# AVAILABLE RECORDS
● ● ● ●

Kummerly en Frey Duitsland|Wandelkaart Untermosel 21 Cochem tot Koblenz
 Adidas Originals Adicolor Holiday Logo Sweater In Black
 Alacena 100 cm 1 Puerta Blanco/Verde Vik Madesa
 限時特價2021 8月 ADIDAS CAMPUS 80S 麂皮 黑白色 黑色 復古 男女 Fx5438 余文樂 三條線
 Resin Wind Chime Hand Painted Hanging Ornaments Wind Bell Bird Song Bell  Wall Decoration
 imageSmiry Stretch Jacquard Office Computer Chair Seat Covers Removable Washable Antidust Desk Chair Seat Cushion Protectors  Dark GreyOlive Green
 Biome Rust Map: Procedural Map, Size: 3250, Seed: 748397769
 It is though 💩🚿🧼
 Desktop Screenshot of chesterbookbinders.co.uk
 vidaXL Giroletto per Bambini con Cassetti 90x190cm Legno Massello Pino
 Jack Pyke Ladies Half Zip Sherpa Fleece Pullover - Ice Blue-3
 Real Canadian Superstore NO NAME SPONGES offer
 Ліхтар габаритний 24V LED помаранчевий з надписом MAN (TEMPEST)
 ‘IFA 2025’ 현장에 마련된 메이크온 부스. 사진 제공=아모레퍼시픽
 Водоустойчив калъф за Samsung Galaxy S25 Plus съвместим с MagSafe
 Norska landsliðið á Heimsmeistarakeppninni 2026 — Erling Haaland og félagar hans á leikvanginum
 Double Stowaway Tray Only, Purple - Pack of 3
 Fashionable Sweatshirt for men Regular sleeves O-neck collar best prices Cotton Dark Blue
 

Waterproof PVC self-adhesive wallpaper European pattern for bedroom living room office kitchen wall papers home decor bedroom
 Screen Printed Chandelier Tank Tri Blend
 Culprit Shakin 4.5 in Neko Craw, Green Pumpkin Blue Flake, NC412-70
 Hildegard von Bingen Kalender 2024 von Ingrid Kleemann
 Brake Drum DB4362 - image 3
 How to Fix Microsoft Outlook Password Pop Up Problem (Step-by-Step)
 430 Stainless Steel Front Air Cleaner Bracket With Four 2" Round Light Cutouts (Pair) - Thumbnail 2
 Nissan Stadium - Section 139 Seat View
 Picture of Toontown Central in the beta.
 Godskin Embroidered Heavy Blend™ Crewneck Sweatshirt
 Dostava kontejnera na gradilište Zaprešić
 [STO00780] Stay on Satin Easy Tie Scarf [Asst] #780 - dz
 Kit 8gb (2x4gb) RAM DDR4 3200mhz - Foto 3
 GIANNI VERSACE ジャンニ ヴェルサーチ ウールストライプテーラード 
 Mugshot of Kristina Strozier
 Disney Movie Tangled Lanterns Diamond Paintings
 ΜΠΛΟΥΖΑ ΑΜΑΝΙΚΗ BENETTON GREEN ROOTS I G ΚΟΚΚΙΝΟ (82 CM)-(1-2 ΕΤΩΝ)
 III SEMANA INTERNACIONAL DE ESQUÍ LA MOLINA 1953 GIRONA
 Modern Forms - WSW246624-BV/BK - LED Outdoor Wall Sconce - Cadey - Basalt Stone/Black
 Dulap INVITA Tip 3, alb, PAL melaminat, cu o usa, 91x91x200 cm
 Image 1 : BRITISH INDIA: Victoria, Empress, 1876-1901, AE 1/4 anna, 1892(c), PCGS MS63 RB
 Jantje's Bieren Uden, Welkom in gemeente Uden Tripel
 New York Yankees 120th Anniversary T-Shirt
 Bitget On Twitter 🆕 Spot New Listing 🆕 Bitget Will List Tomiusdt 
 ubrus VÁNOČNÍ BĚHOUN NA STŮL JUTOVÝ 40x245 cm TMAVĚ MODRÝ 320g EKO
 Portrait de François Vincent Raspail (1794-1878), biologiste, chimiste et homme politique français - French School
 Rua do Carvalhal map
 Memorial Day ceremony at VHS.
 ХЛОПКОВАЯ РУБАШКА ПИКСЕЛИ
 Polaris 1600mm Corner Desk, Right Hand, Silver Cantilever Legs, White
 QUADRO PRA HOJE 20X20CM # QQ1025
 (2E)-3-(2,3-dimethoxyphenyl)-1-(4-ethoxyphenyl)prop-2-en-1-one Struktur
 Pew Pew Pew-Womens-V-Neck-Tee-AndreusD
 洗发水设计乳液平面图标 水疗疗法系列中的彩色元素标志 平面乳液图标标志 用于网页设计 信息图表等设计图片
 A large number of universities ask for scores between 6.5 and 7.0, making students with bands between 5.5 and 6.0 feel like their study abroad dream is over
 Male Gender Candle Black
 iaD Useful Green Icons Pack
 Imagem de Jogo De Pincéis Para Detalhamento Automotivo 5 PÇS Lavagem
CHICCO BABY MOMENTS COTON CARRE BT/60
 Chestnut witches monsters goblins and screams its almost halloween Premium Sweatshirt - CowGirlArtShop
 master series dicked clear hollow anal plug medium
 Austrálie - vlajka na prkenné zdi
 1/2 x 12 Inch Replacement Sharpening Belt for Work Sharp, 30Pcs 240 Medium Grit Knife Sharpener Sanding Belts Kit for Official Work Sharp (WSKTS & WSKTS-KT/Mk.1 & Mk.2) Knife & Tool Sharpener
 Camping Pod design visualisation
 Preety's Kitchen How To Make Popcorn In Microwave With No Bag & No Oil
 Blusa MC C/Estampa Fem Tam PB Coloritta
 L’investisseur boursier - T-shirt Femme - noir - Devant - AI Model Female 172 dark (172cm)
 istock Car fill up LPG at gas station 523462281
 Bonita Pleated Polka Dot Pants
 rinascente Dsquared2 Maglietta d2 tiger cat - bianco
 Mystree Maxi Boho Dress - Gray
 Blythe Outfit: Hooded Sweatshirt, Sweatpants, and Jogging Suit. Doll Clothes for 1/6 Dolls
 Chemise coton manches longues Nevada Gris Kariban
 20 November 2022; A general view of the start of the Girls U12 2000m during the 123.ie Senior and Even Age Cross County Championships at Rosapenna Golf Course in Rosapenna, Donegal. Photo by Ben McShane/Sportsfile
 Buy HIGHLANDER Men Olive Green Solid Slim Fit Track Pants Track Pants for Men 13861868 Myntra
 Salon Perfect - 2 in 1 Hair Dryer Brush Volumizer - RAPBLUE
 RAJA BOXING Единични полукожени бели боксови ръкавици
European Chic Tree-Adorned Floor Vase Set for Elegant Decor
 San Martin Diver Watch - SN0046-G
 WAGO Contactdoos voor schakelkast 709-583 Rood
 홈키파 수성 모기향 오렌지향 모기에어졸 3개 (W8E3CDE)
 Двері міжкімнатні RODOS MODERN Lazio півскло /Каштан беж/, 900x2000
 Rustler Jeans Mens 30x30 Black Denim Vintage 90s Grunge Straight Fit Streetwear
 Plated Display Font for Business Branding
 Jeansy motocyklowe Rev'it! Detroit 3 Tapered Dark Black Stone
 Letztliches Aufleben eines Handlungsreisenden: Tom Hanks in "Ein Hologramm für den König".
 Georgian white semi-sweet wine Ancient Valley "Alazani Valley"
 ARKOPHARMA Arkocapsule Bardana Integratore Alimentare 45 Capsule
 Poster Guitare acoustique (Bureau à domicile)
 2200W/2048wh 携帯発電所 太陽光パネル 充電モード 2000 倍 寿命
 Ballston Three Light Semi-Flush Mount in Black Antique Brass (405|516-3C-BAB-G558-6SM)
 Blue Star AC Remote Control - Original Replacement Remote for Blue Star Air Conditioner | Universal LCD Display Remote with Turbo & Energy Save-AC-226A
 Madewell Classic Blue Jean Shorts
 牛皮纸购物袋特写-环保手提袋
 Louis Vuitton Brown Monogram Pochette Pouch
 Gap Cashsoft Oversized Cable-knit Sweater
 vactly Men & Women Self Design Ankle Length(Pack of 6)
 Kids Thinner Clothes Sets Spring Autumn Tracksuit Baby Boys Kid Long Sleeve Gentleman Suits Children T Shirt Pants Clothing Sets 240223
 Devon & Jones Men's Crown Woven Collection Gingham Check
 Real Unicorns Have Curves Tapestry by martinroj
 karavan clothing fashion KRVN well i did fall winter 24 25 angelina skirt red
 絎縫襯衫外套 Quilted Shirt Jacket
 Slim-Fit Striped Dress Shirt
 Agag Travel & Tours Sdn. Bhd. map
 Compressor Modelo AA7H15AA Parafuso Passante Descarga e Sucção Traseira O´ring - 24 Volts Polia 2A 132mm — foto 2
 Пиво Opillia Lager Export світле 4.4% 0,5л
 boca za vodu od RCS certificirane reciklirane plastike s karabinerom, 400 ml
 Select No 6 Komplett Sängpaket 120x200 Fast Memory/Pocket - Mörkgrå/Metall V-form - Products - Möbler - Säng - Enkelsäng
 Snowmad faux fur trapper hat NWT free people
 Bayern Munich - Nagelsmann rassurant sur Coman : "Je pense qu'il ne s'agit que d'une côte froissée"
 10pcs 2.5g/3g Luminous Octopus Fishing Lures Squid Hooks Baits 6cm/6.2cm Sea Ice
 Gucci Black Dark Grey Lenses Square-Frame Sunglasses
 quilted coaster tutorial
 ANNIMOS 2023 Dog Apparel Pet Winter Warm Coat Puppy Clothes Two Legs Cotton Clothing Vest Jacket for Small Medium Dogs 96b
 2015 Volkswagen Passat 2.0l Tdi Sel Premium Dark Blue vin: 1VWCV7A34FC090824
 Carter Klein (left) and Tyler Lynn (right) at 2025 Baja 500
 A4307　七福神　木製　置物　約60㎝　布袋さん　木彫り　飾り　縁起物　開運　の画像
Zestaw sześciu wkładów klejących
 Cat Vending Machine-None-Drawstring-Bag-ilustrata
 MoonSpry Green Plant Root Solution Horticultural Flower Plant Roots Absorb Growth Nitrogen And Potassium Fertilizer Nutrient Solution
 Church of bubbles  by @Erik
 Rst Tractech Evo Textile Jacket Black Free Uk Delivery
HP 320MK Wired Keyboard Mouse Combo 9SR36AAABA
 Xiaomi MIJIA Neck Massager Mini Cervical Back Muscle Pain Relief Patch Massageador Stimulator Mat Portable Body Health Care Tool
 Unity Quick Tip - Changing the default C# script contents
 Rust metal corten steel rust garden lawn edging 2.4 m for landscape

● ● ● ●

# ACTION ITEM
Print the lines above from the one with "Carter Klein (left)" through the one with "Rst Tractech Evo", both included, exactly as written and nothing more.

# TASK SOLUTION
 Carter Klein (left) and Tyler Lynn (right) at 2025 Baja 500
 A4307　七福神　木製　置物　約60㎝　布袋さん　木彫り　飾り　縁起物　開運　の画像
Zestaw sześciu wkładów klejących
 Cat Vending Machine-None-Drawstring-Bag-ilustrata
 MoonSpry Green Plant Root Solution Horticultural Flower Plant Roots Absorb Growth Nitrogen And Potassium Fertilizer Nutrient Solution
 Church of bubbles  by @Erik
 Rst Tractech Evo Textile Jacket Black Free Uk Delivery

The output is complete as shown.